§ **Available data**:
·····

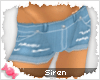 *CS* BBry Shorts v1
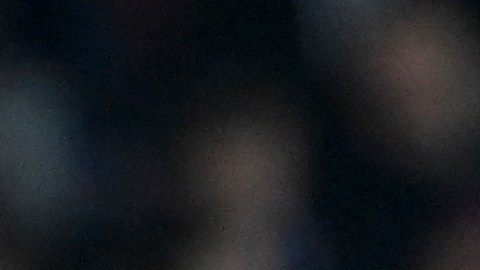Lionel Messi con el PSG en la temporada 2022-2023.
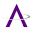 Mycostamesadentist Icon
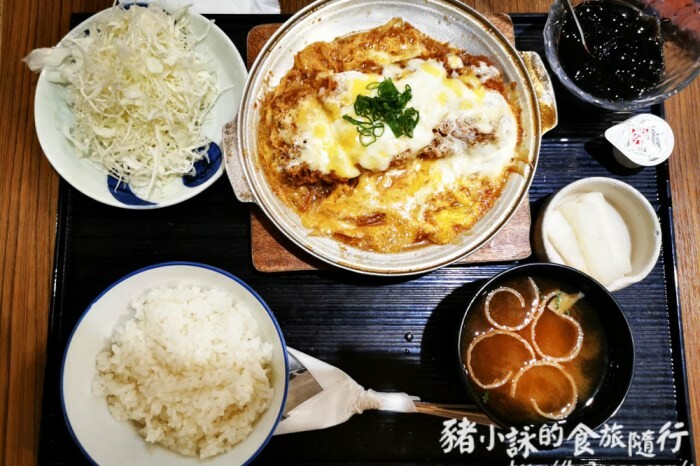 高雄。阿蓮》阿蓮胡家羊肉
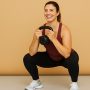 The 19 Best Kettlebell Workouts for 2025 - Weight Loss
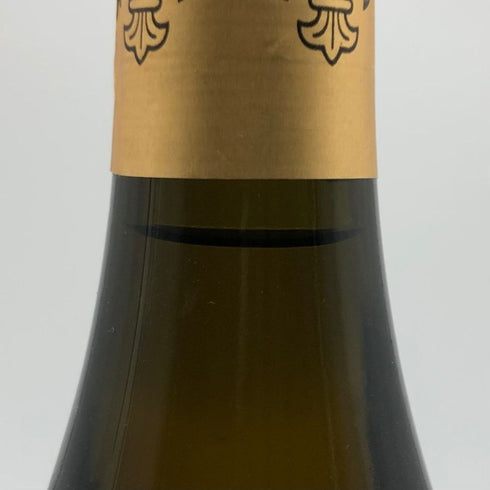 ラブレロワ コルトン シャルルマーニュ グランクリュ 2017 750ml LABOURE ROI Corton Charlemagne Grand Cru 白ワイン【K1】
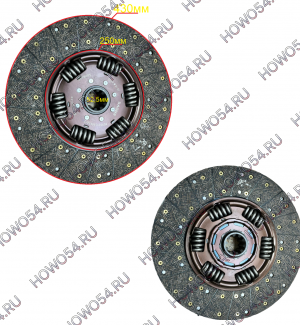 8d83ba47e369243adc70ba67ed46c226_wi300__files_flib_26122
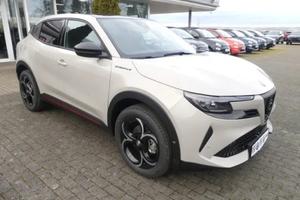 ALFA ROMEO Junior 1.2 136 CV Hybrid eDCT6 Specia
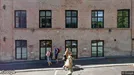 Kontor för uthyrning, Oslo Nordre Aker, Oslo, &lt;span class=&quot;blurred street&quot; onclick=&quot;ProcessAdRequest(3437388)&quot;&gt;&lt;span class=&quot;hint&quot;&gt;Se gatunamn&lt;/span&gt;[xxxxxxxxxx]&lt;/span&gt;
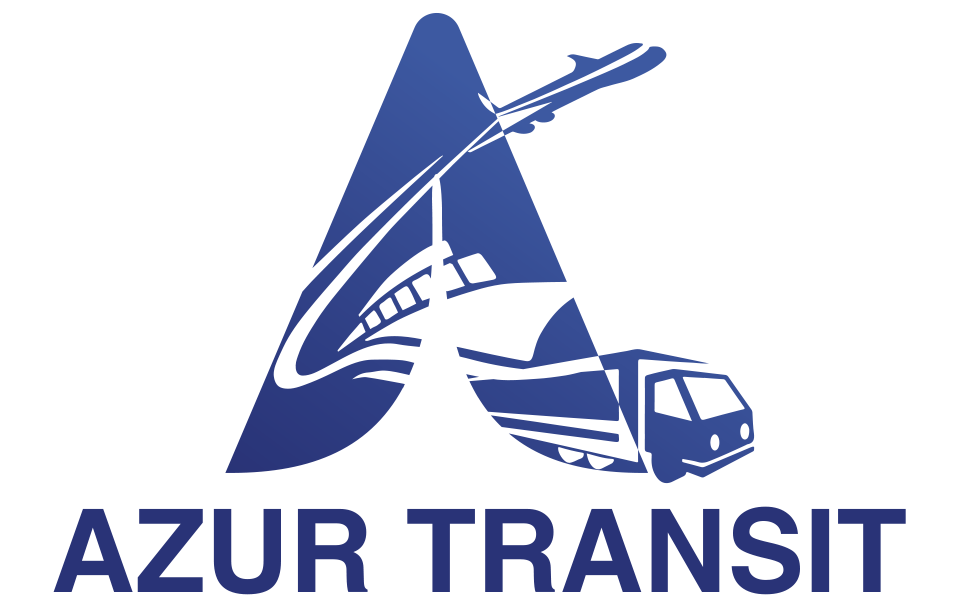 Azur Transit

·····

§ **About this exercise**: Exactly the lines from the one that contains "ラブレロワ コルトン シャルルマーニュ" to the last line of the data, both included, should be set down, and no pictures should appear among them.

§ **Reply**:
 ラブレロワ コルトン シャルルマーニュ グランクリュ 2017 750ml LABOURE ROI Corton Charlemagne Grand Cru 白ワイン【K1】
 8d83ba47e369243adc70ba67ed46c226_wi300__files_flib_26122
 ALFA ROMEO Junior 1.2 136 CV Hybrid eDCT6 Specia
 Kontor för uthyrning, Oslo Nordre Aker, Oslo, &lt;span class=&quot;blurred street&quot; onclick=&quot;ProcessAdRequest(3437388)&quot;&gt;&lt;span class=&quot;hint&quot;&gt;Se gatunamn&lt;/span&gt;[xxxxxxxxxx]&lt;/span&gt;
 Azur Transit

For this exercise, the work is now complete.